Send back the line that contains "Girls size small 6/7 furry jacket. Old Navy" and all lines following it through the end of the data below, exactly, omitting pictures.
### Dataset records ###
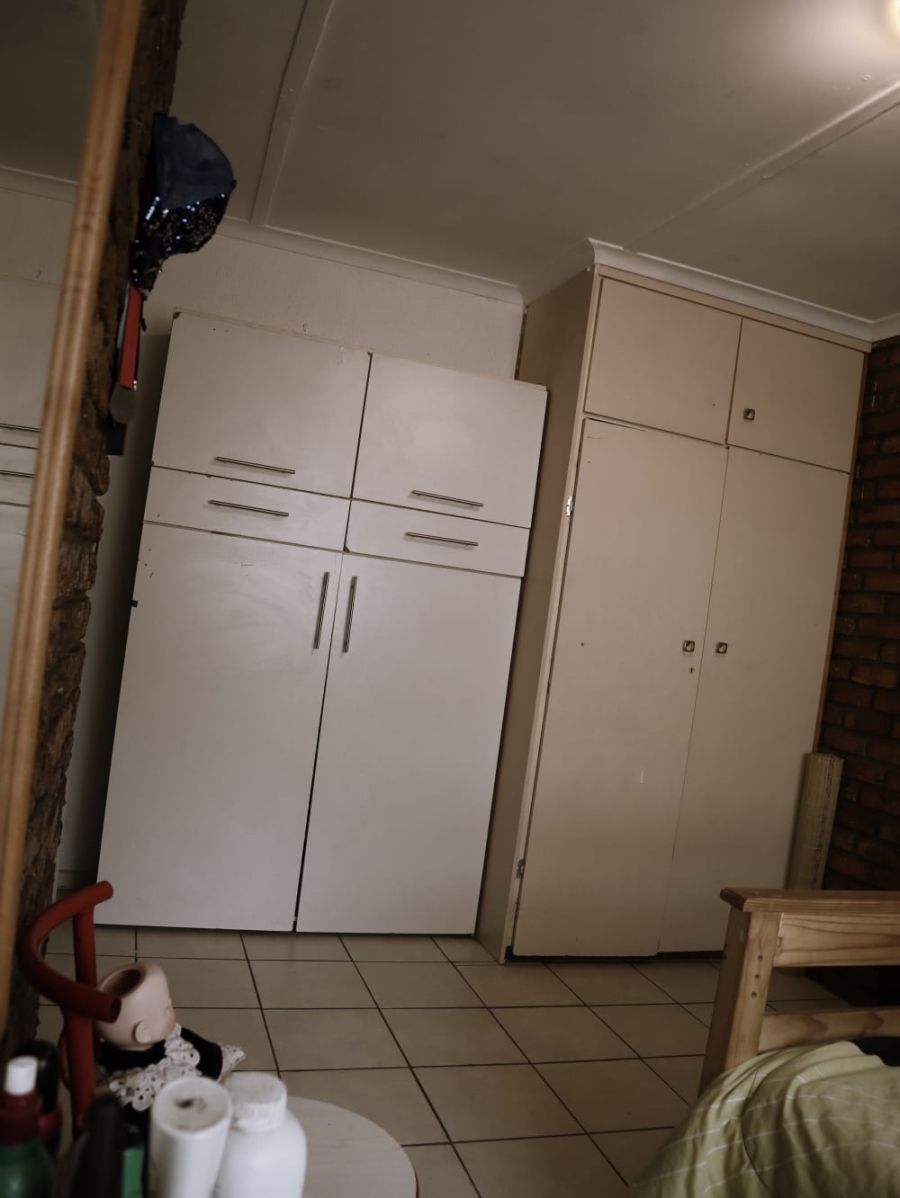 3 Bedroom Property for Sale in Townsview Gauteng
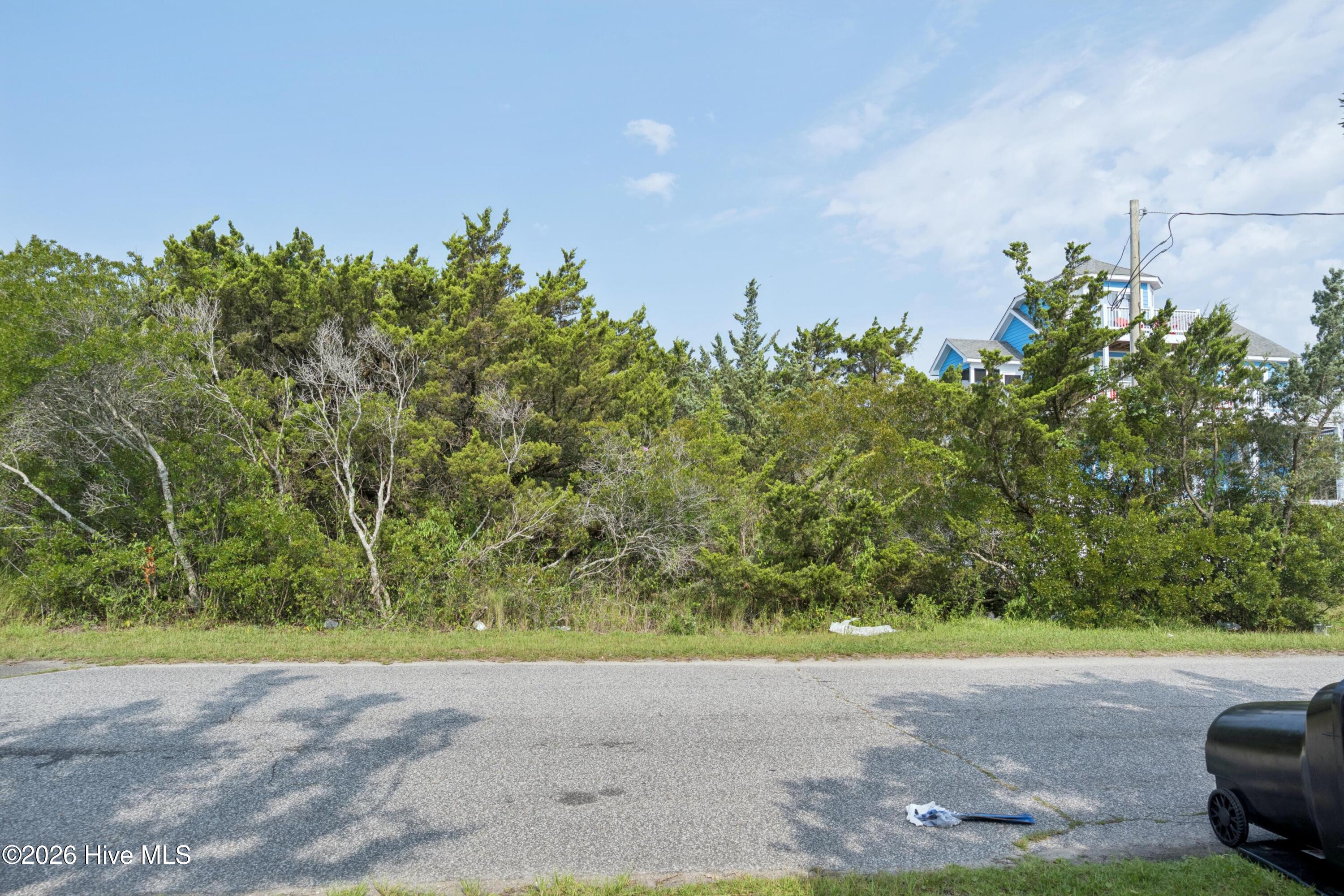 41050 Channel Court Property Photo 7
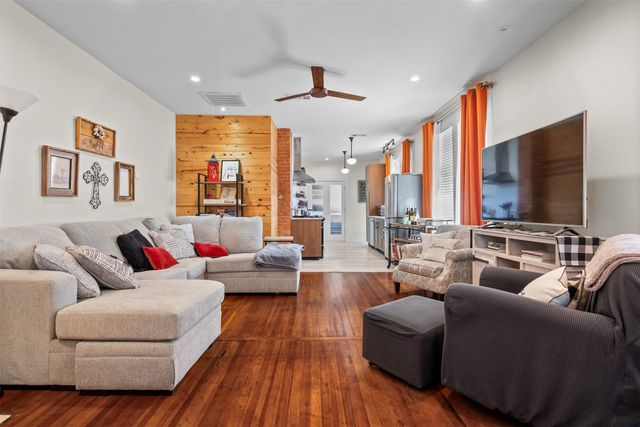 634 Turner Avenue, Dallas, TX 75208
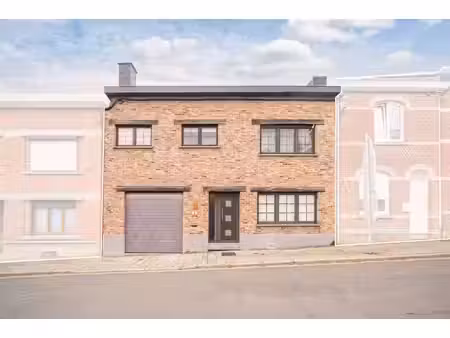 maison 5 chambres rénovée avec spacieux jardin à seraing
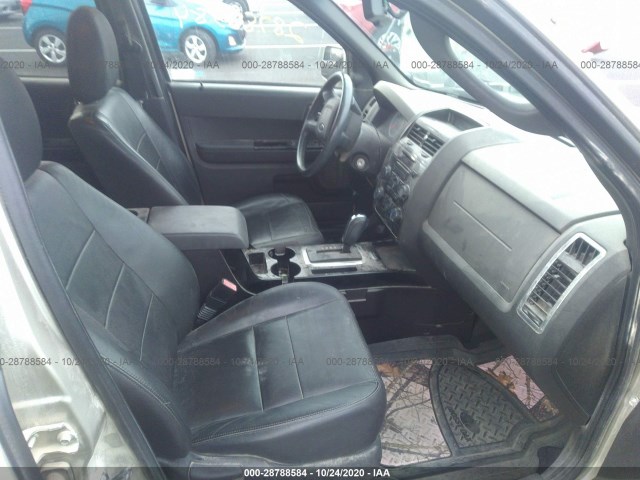 Photo 4 VIN: 1FMCU9EG6AKC42885 - FORD ESCAPE 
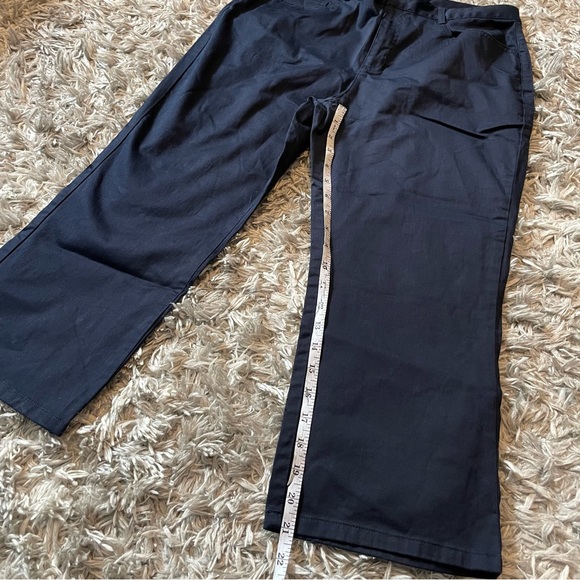 Villager Sport A Liz Claiborne Company women’s size 10 stretch pant navy blue - Picture 2 of 6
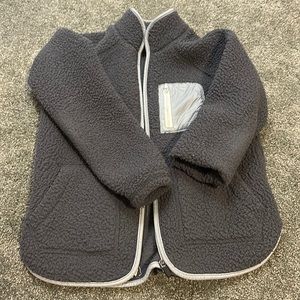 Girls size small 6/7 furry jacket. Old Navy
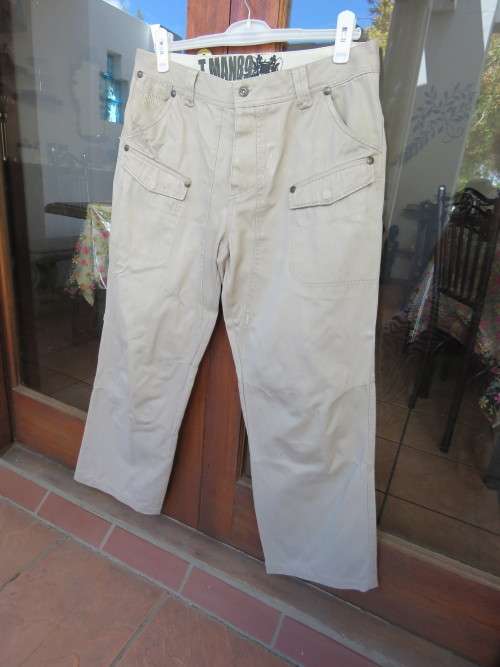 High quality TRUWORTHS MAN men's 100% Khaki pants.Size 36/92cm.Four pockets in front and 3 at back.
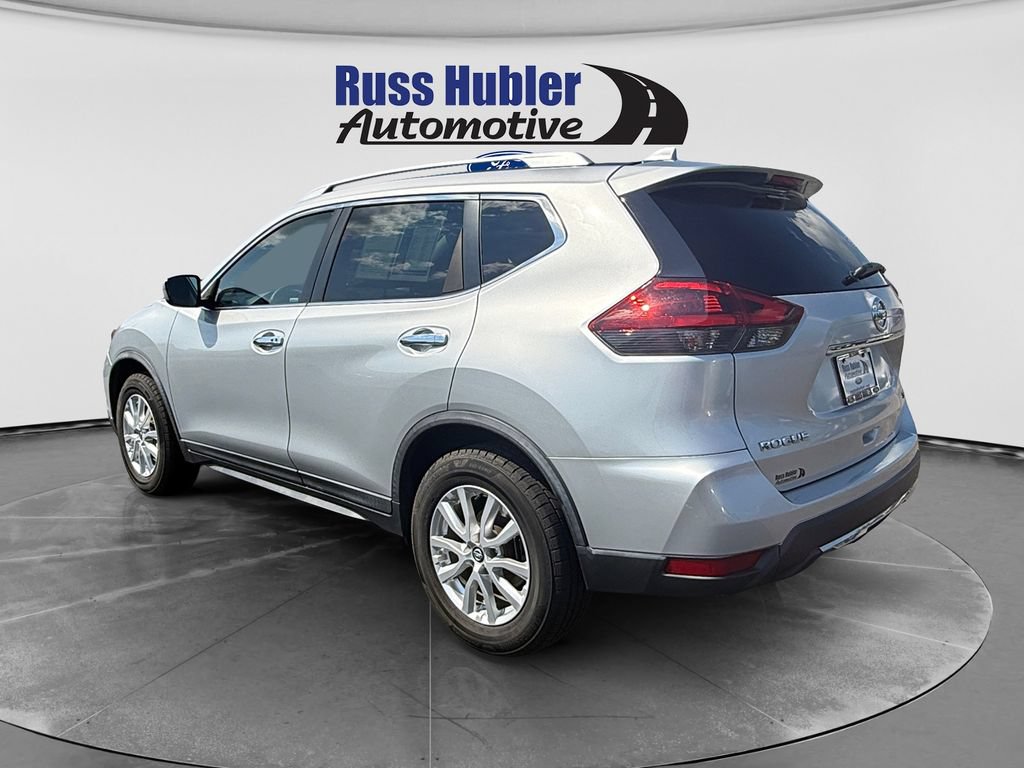 Used 2018 Nissan Rogue SV AWD/4WD image 3
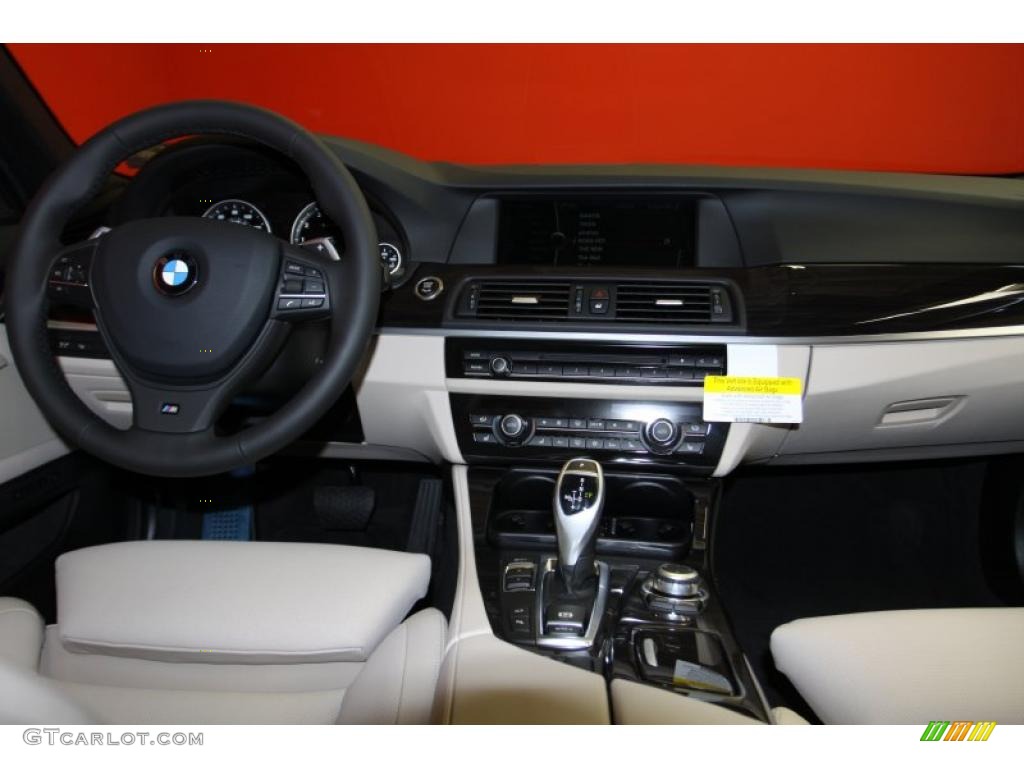 2011 BMW 5 Series 550i Sedan Oyster/Black Dashboard Photo #42634496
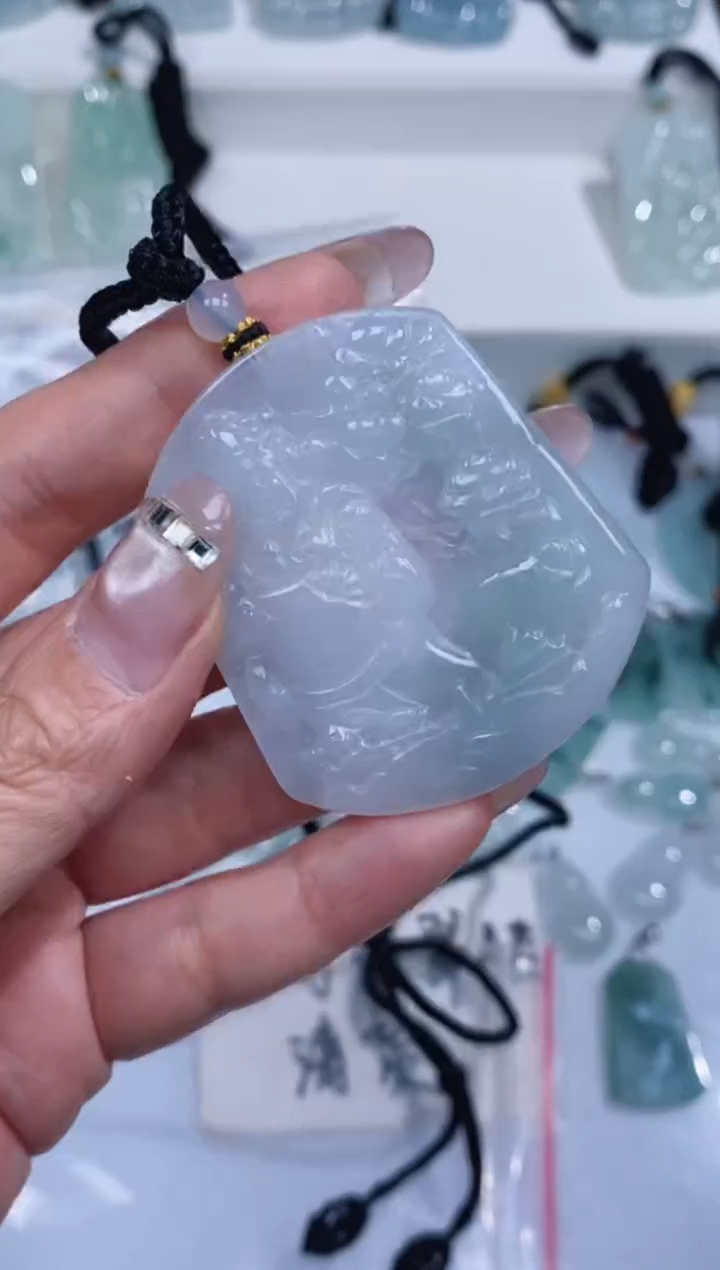 颈饰未镶嵌翡翠吊坠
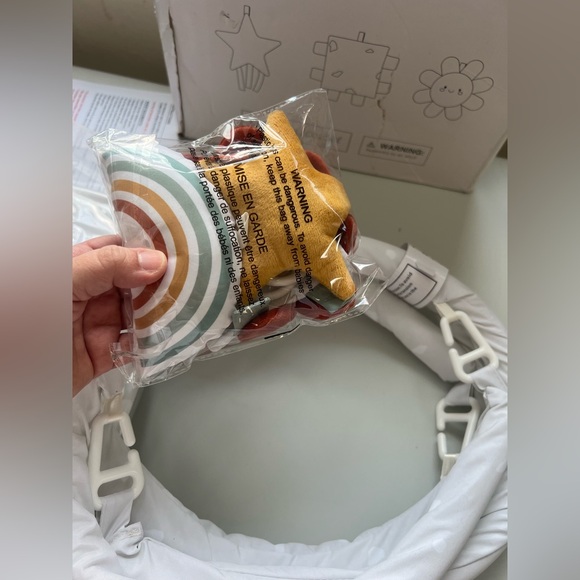 Beautiful Baby Play Gym and Tummy Time Mat - Soft Cotton - Picture 9 of 11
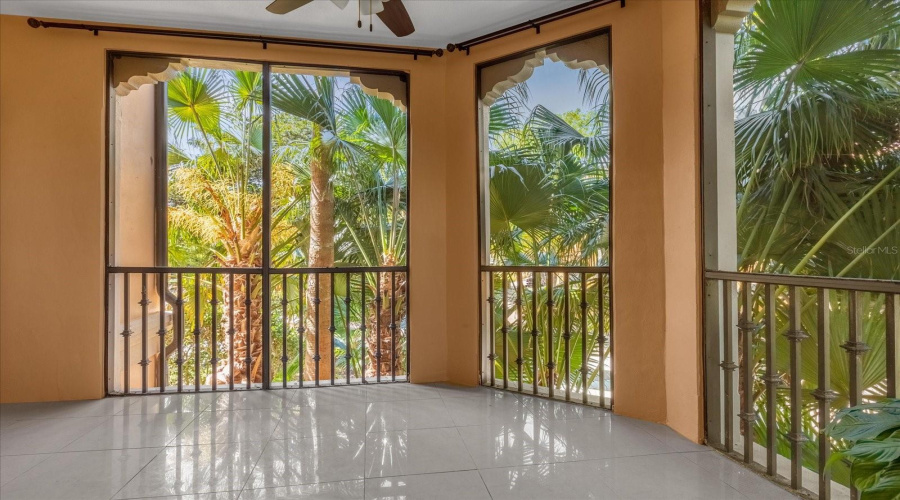 Patio Before without furniture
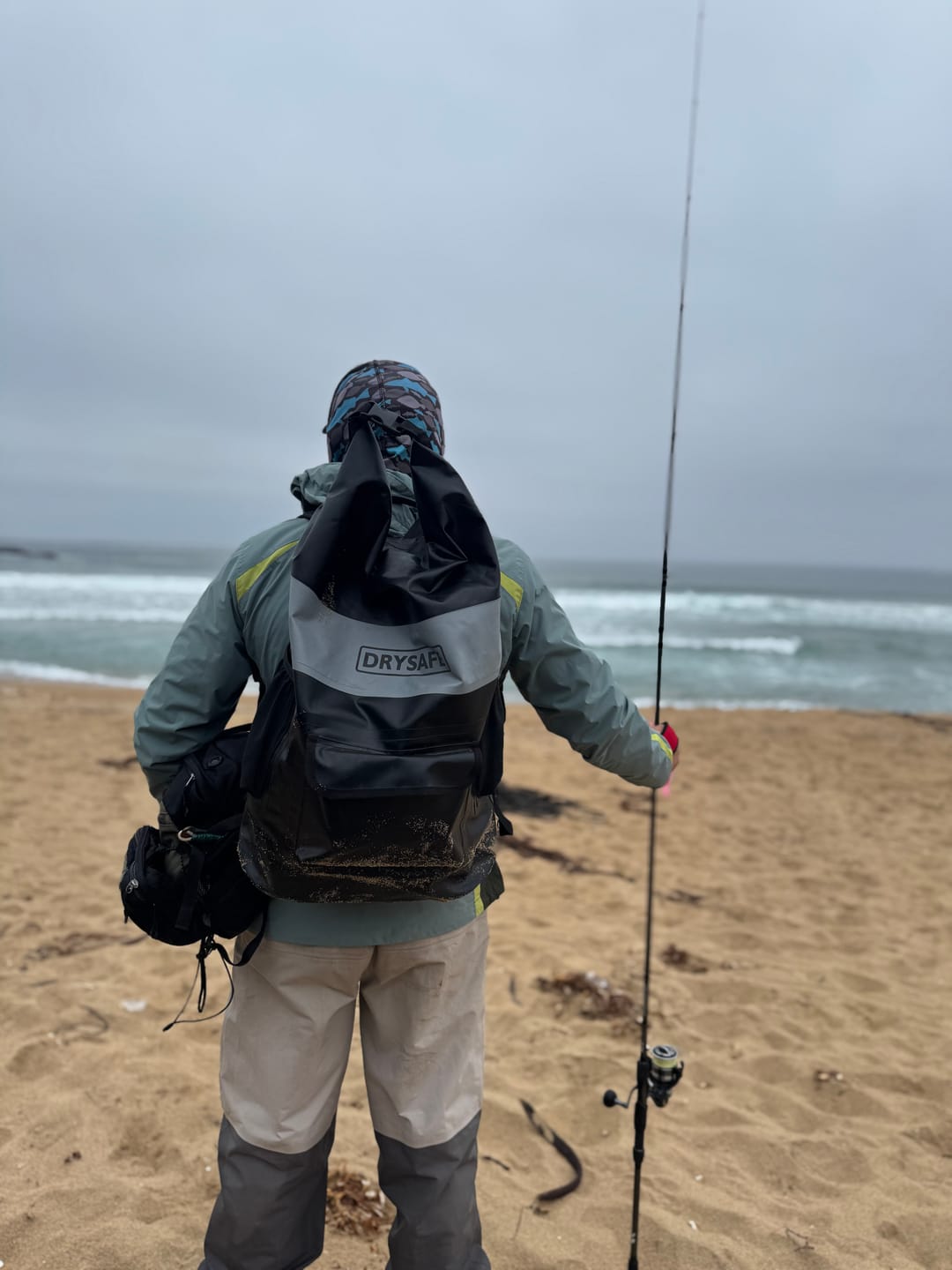Customer photo review of Mochila Outdoor LAFKEN 40 Lts 100% Impermeable DRYSAFE Negra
###
__Task output__.
 Girls size small 6/7 furry jacket. Old Navy
 High quality TRUWORTHS MAN men's 100% Khaki pants.Size 36/92cm.Four pockets in front and 3 at back.
 Used 2018 Nissan Rogue SV AWD/4WD image 3
 2011 BMW 5 Series 550i Sedan Oyster/Black Dashboard Photo #42634496
 颈饰未镶嵌翡翠吊坠
 Beautiful Baby Play Gym and Tummy Time Mat - Soft Cotton - Picture 9 of 11
 Patio Before without furniture
Customer photo review of Mochila Outdoor LAFKEN 40 Lts 100% Impermeable DRYSAFE Negra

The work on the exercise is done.